The adventures and strange trips into the new area are too numerous to track, but some of our favorites include these:

A student walked into class late on Tuesday morning, the first day back from break. The teacher asked him where his pass was. He replied with alarm: “The attendance office is gone!” The teacher chose not to send him to get a pass.

Early in the week, a student received a pass from the attendance office asking him to report to the office immediately. At that point the teacher still had no idea where the attendance office was and so in handing the pass to the student simply told him, “Good luck,” and sent him on his way.
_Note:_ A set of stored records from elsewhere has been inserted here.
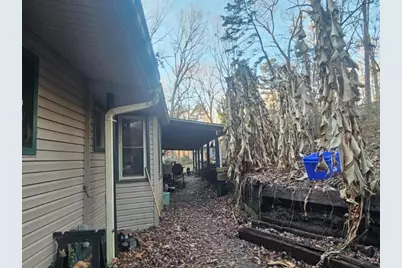 105 Memphis Lane, Hartwell, GA 30643 - Photo 2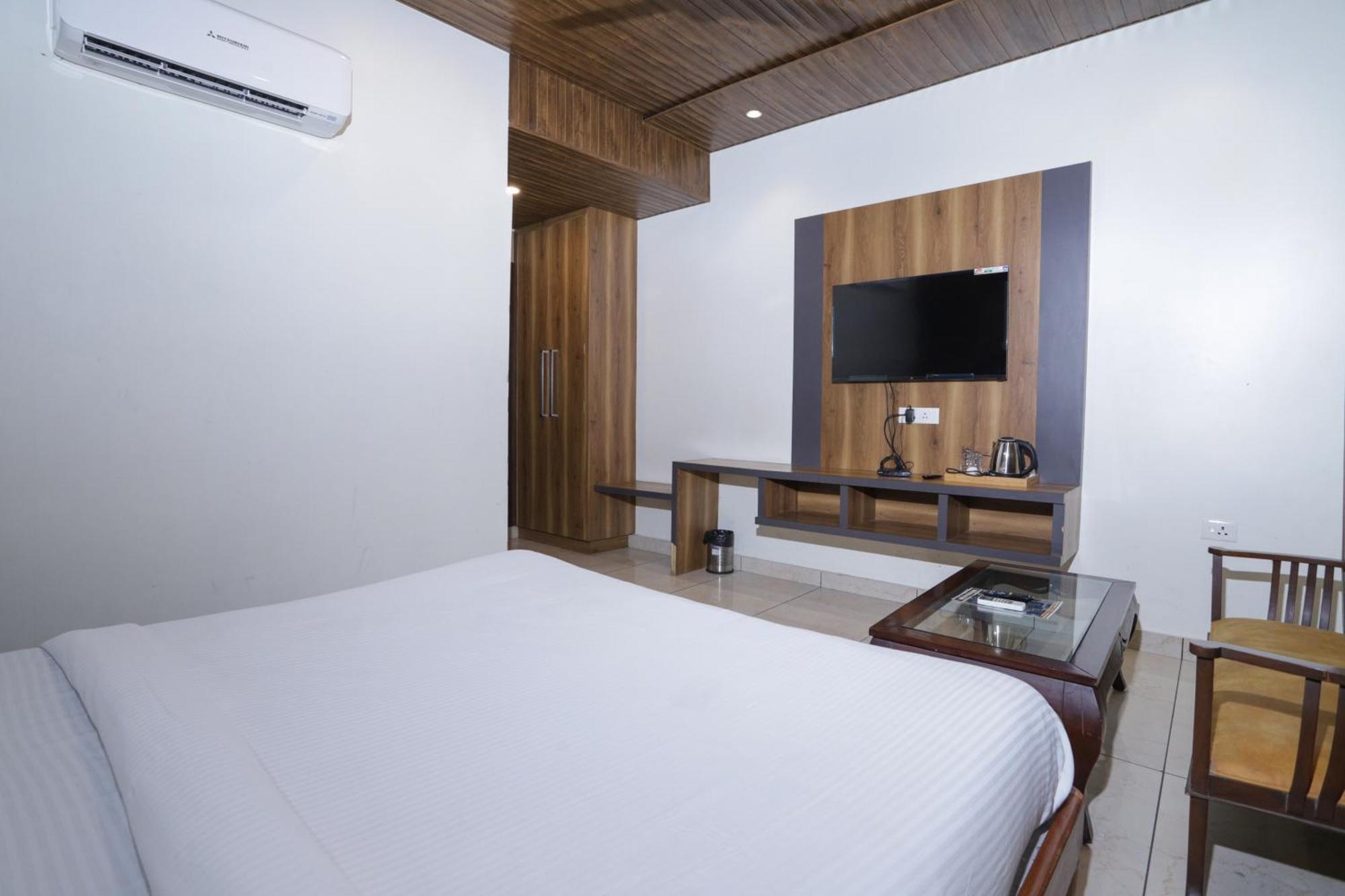 Hotel Razia Inn Hisār Exteriér fotografie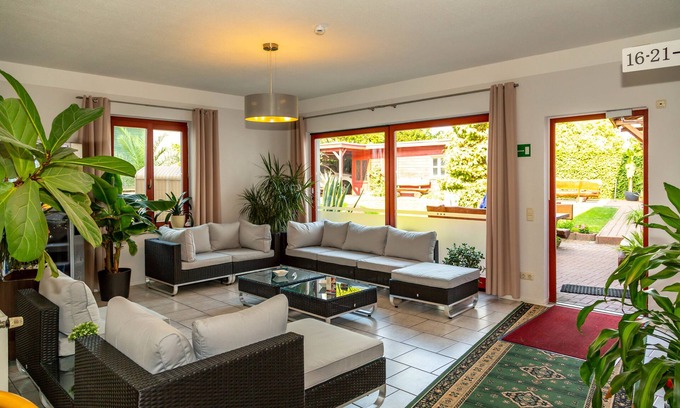 Wolgast Hotel | Discover City-Hotel-Wolgast: Family-Friendly Retreat
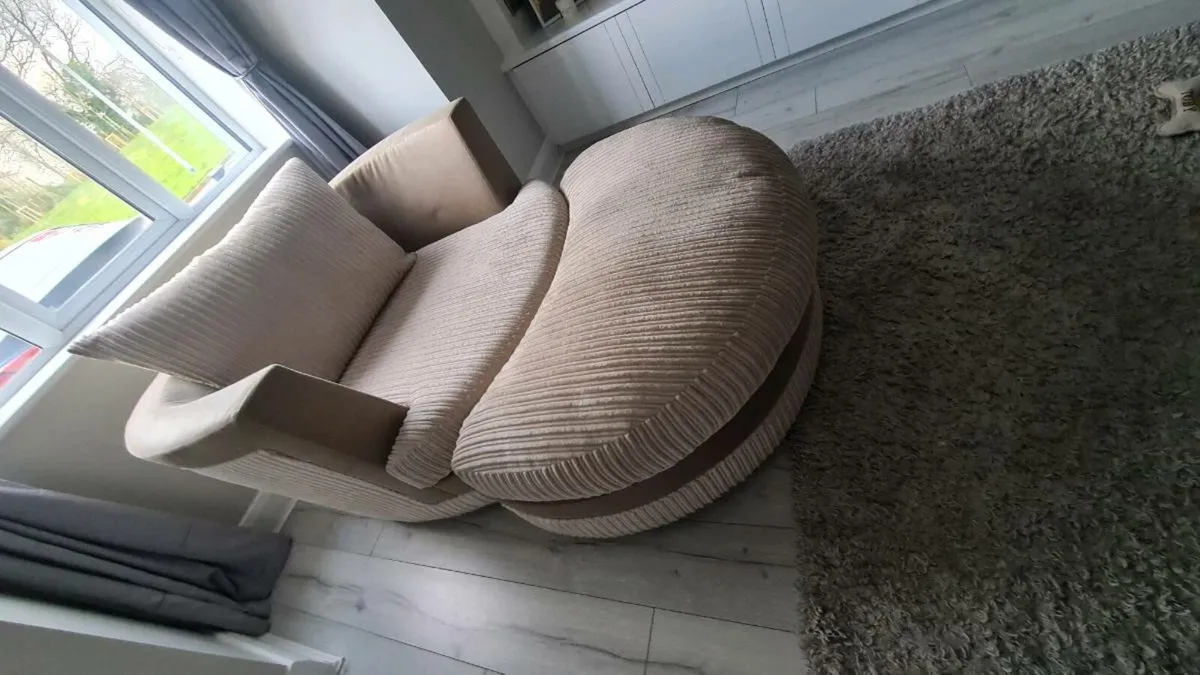 Dfs swivel chair - Image 3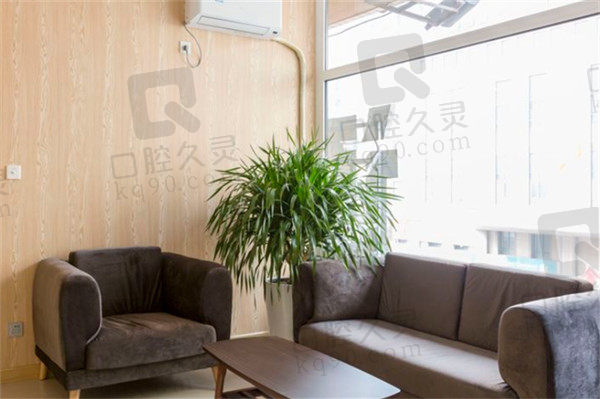 大连齿医生口腔牙齿美白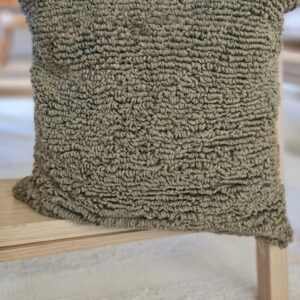 ALMOFADA VERDE - PONTO ALTO - TECIDO E LINHA - PEÇA ÚNICA — A127.02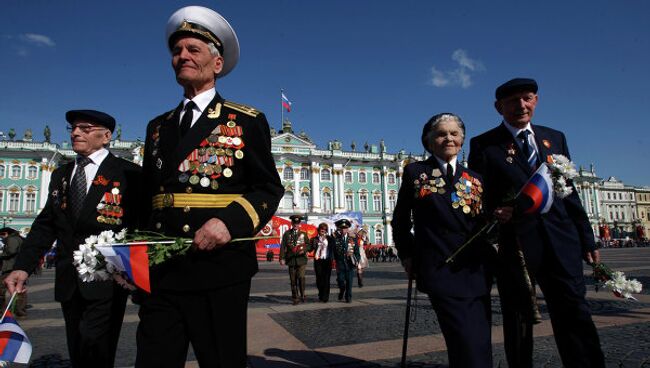 Военный парад в Санкт-Петербурге, посвященный Дню Победы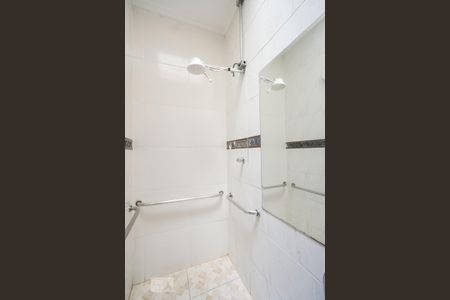 Casa à venda com 400m², 5 quartos e 8 vagas Casa à venda com 400m², 5 quartos e 8 vagasChuveiro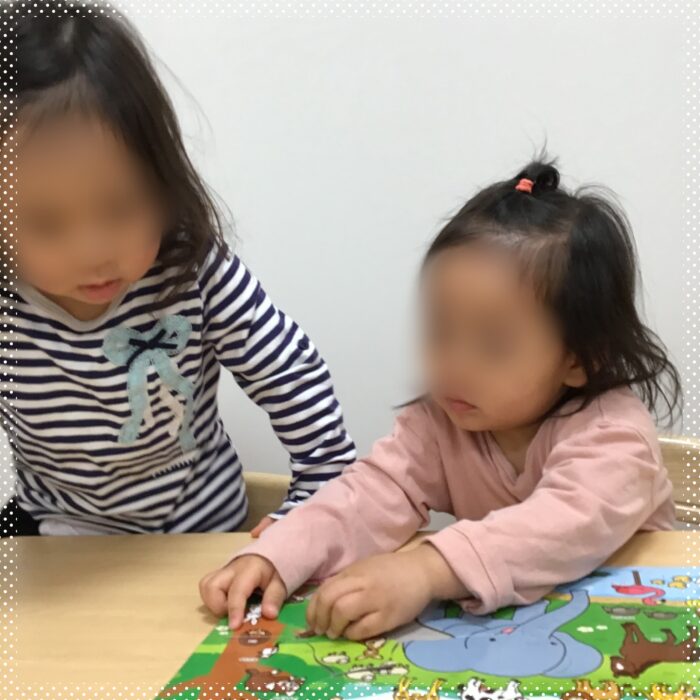 星のおうち大崎　保育園内で遊ぶ園児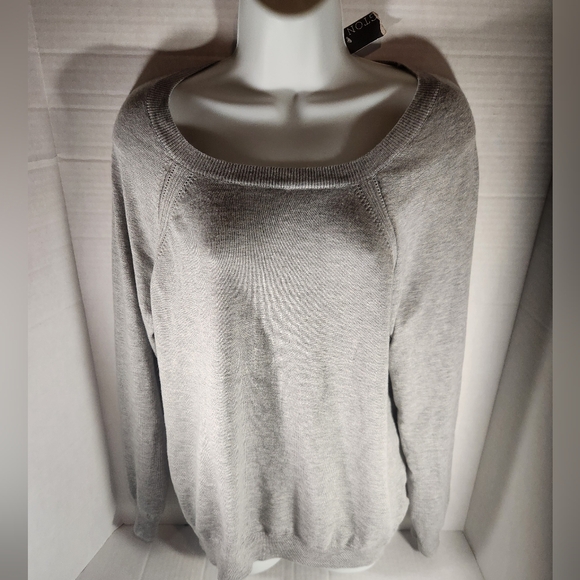 NWT Women's Covington Pointelle Light Gray Scoop Neck Sweater - Picture 1 of 3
The day after Christmas break, the plywood came down, unleashing the stress of transition upon the main offices! Photo by: Skylar Larson

To reach the guidance and activities offices without stepping on the new tile (which needs to lie still for a day or two before it can be walked on), visitors had to walk through the downstairs entry to the new wing, up the first set of stairs, down the hall of the new wing, down the elevator, and down one more hallway. Reports of seeing Little Red Riding Hood picking wildflowers slightly off the trail were unconfirmed, as were the rumors of the Minotaur being discovered in the classroom next to the activities office.

The situation left everyone wishing there was such a thing as Stupendously Quick-curing Mortar and Grout for the tile. Even that might not have helped, however, since Tuesday night someone walked on it, forcing the tile crew to restart a section. Surely each tile ruined sprang a new gray hair in Mr. Talley’s head. We should note that we haven’t actually inspected Mr. Talley for gray hair, but if he makes it through this addition without any, he should win some kind of award. If you doubt the correlation between stress and gray hair, our understanding at the Pine Needle is that it has been scientifically confirmed that high levels of stress can lead to gray hair. What levels of stress lead to pink hair is not known, but we have a hunch it is off the charts, given the the quantity of pink in principals’ secretary Mandy Hennies’s hair.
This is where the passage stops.